How Is Your Picker?
Throughout the years I have heard many women who have survived being with a violent partner tell me that well-meaning people have asked them, "Why do you pick violent men?"
Interesting question.
Have you ever in your life heard anyone tell you about a new person that they are dating and describe the person as violent, mean, hateful, abusive, or as a rapist?
Women don't pick violent partners. They pick people who appear to be nice, fun, attractive, interesting, edgy, funny, etc., etc.
Abusive people do not act violent when you first meet them. And when you first meet them and ask typical "get to know you questions", they don't say things like, "Well, when I don't get my way, I get violent. If you don't do what I say, I'll make sure you pay for it by abusing you and forcing you to do what I think you should do. If you try to leave me, I'll manipulate you, stalk you, and threaten you."
If only it were so simple.
People do give hints and signs as to what type of partner they will be. And any of us may or may not pick up on those signs for any number or reasons.
Just a few examples of why we sometimes miss the signs that someone may not be a good partner for us:
1. we are so taken by their charm that we miss the other signs they are giving.
2. we so want to be in a relationship that we miss the signs of the person potentially being an abuser.
3. the person is so good at hiding any signs of being an abuser, there is nothing for us to pick up on.
4. we may be living in our own fog because of our learning from childhood, culture, past relationships, alcohol, drugs, or mental illness and thus miss any signs that the person is a potential abuser.
5. we may see the signs of abuse, but we've been trained through our experiences and culture to not trust our judgments. Many a woman can tell you stories of turning to friends and family to check their judgment and they are told, "Don't be so hard on him. You're not giving him a chance. That doesn't sound so bad to me." - things of that ilk.

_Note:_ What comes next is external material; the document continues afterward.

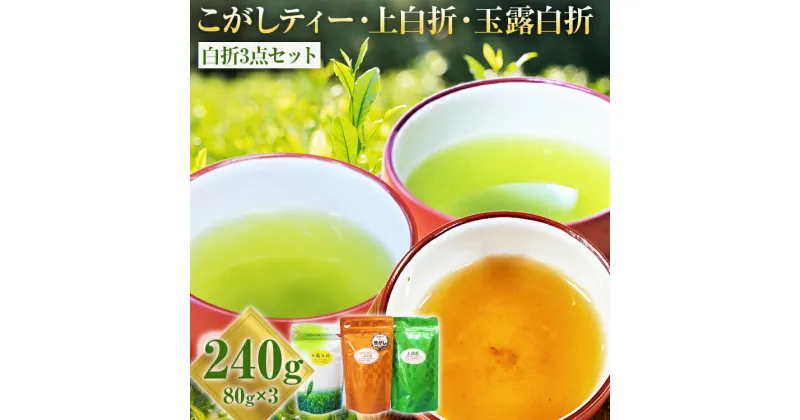 【ふるさと納税】 ほうじ茶 こがしティー 上白折 玉露白折 白折3点セット 80g×3袋 合計240g 焦がし商品 くき茶 茶葉 3種 詰め合わせ 九州 送料無料 ふるさと納税 お茶 お茶の葉 茶葉 玉露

5. our culture has sent so many mixed messages about what is healthy and what is not, that we aren't clear on what is a red flag and what isn't. Example: persistence is seen as a good thing - until it's like a stalker - but where is the line? Or jealousy. It's often touted as a positive sign in a relationship, but, first of all, is it positive? And second of all, if it is positive, where does jealousy cross over and become possessiveness - which is never positive.